Cette atrocité imbécile indigna le Suffète ; et, arrachant des mains de Giddenem son collier de gagates :

— Malédiction au chien qui blesse le troupeau ! Estropier des esclaves, bonté de Tanit ! Ah ! tu ruines ton maître ! Qu’on l’étouffe dans le fumier. Et ceux qui manquent ? Où sont-ils ? Les as-tu assassinés avec les soldats ?

Sa figure était si terrible que toutes les femmes s’enfuirent. Les esclaves, se reculant, faisaient un grand cercle autour d’eux ; Giddenem baisait frénétiquement ses sandales ; Hamilcar, debout, restait les bras levés sur lui.

Mais, l’intelligence lucide comme au plus fort des batailles, il se rappelait mille choses odieuses, des ignominies dont il s’était détourné ; et, à la lueur de sa colère, comme aux fulgurations d’un orage, il revoyait d’un seul coup tous ses désastres à la fois.
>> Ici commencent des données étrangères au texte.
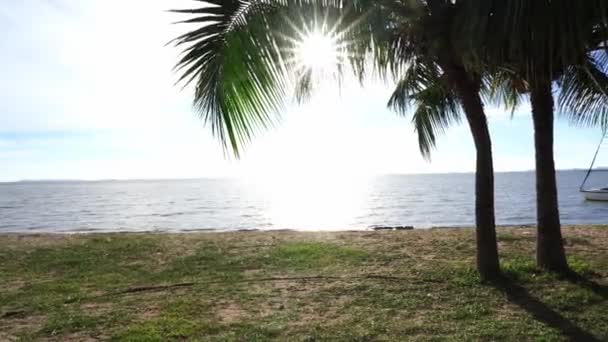 Coconut Träd Står Stranden Klar Himmel Tropicana Land Läge Söder — Stockvideo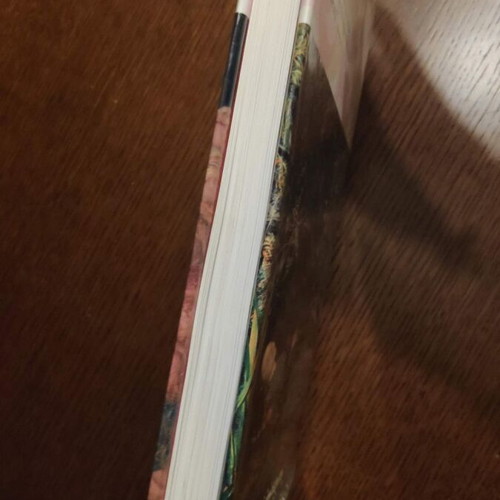 Symbolism Taschen 25th Anniversary edition book like new, English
Les gouverneurs des campagnes avaient fui par terreur des soldats, par connivence peut-être, tous le trompaient, depuis trop longtemps il se contenait.

— Qu’on les amène ! cria-t-il, et marquez-les au front avec des fers rouges, comme des lâches !

Alors on apporta et l’on répandit au milieu du jardin des entraves, des carcans, des couteaux, des chaînes pour les condamnés aux mines, des cippes qui serraient les jambes, des numella qui enfermaient les épaules, et des scorpions, fouets à triples lanières terminées par des griffes en airain.